The article you've linked says it didn't go far (buggy, vulnerable, difficult to use, test deployment in 2020). Also, Google Play store's reviews say the same.
It's only natural that when a public servant want to make sure their message actually reaches the recipient, they would rather use a solution that 100% works. That's not malice, it's common sense.
This question confuses me. Are we really in a year where people don't know you can securely encrypt email within an organization? This is a solved problem, and it's been solved for decades.
It's confusing because you nailed "Plain-text emails" but completely ignored signed, encrypted emails for some reason.
I think the question is not whether it's possible to set up in theory.

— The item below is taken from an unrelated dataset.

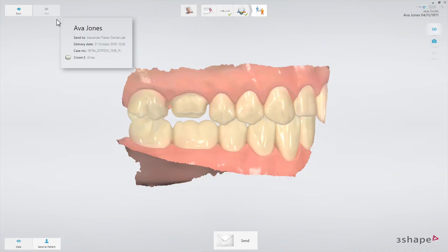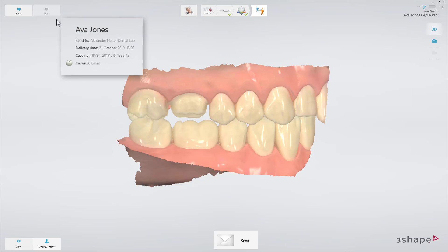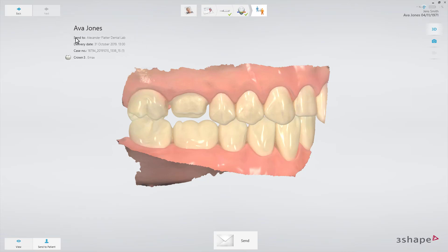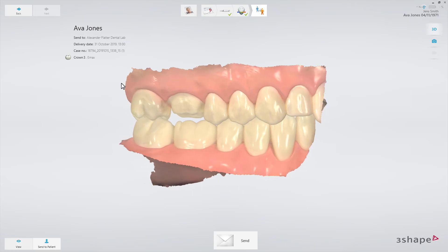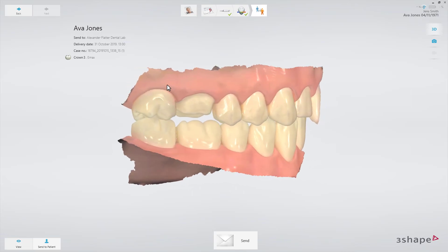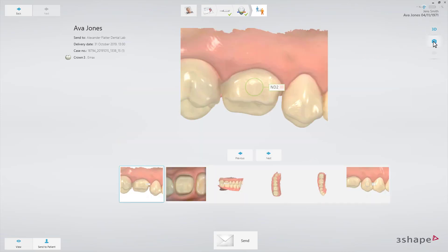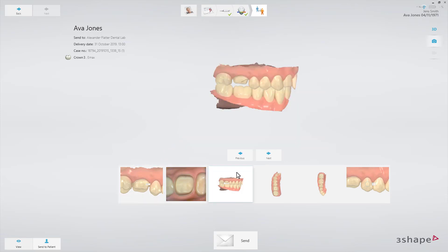On the Send page, the order is ready to be sent to the lab or manufacturer. You'll see a summary of the order on the screen. The 3D scan is visible on the screen, and if necessary, you can revisit attachments like HD photos, screenshots of scans, and shade measurement or recorded videos.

The question is whether it's possible to actually deploy and maintain the solution in reality to millions of concurrent users in hundreds thousands of disjoint organizations in thousands of municipalities all over the country. It would require a constant supply (due to organizational churn) of highly qualified tech people who'd willing to be working years for low-five-figures salary in a rigid ineffective governmental structure, surrounded only by non-tech-savvy people. These tech people should also be saints so that they don't embezzle half the budgets while trying to set things up. Also the top visionary who'd push for this multi-year project should not be subject to election cycles.
I honestly think that this level of concentration of long-term effort might be impossible in a country with more than 10 million people or so.
How is it different from WhatsApp (apart from being worse feature-wise and not many people using it)? As far as I remember, WhatsApp uses Signal's encryption, so technically they're the same level of protection?